I'm not a normal eater. I tend to eat a small "breakfast" (often a bowl of regular oatmeal--non of that sugary, flavored stuff--with a bit of maple syrup & cinnamon), or a single serving cup of plain yogurt with honey and granola.
Then I usually have a midmorning snack, maybe a banana.
Small lunch: whole wheat bagel w/light cream cheese maybe.
Then a bigger lunch, haha: often this is plain rice cakes & natural peanut butter w/dried cranberries for some reason (love!) which is not BIG, but I eat a few. This is maybe at 3 or 4 when I'm usually at my hungriest.
Then a smallish dinner a few hours later and maybe another snack at 8 or so.
See, I'm not normal. I have a hard time on trips and full days with others because my body won't listen to breakfast-lunch-dinner. I'm constantly hungry, but only need a little bit at a time. So my bag's always full of granola bars, bananas, carrots, grapes...

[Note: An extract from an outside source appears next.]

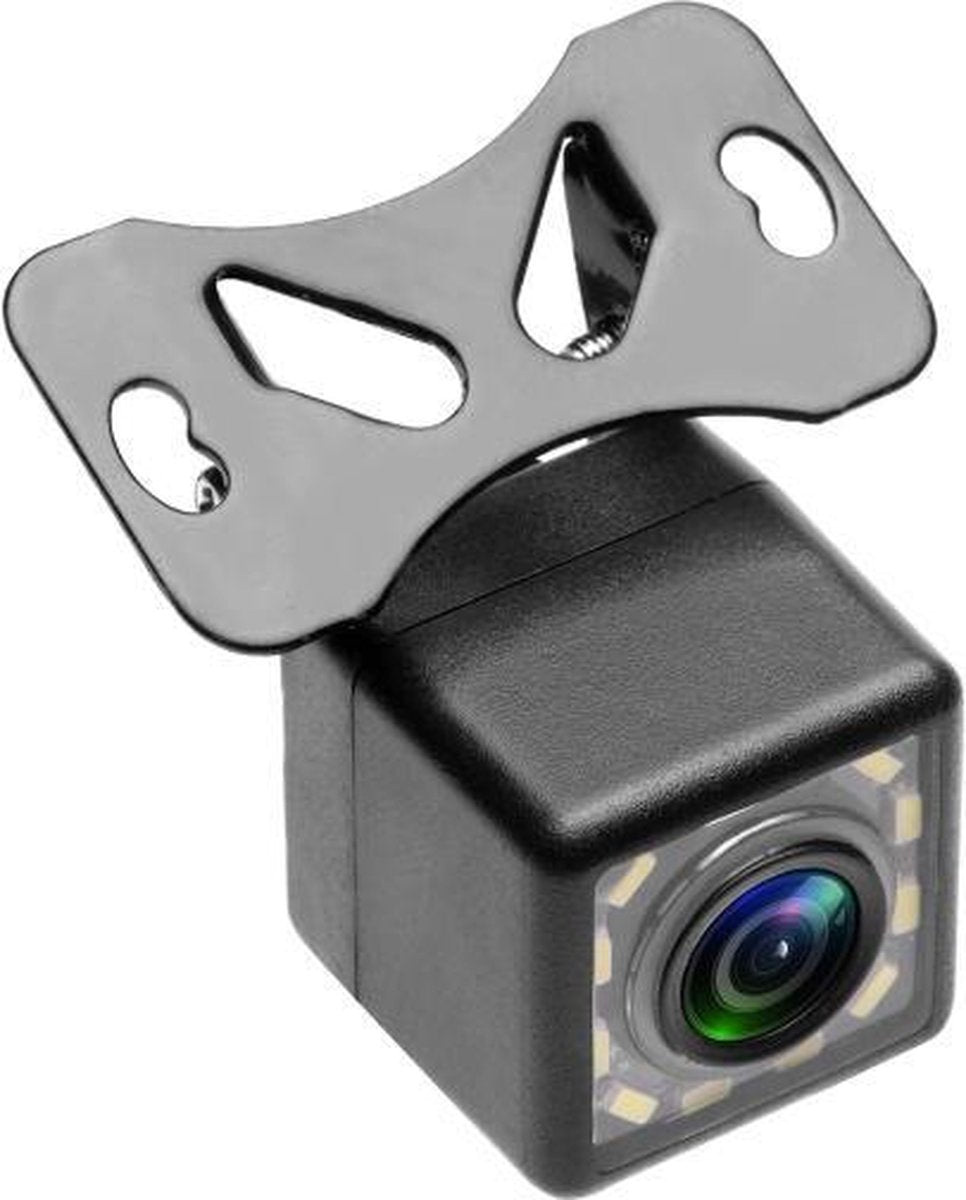 WiseGoods - Achteruitrijcamera - Universele Auto Camera - Nachtzicht - Kentekenplaat - HD Kwaliteit - 8 LED - 12V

I guess my biggest thing is listening to my body. I'm most hungry at 4? Ok, I'll eat my biggest meal then. I know this isn't feasible for all--in this sense I'm lucky to live alone and have such flexibility.
I don't really eat meat either (occasional chicken or turkey IF it's all white, grilled, and doesn't resemble an animal, lol). I avoid deep-fried foods, and avoid as much refined sugar as I can. I'm convinced this last part (and not buying foods with HFCS) really helps me feel balanced.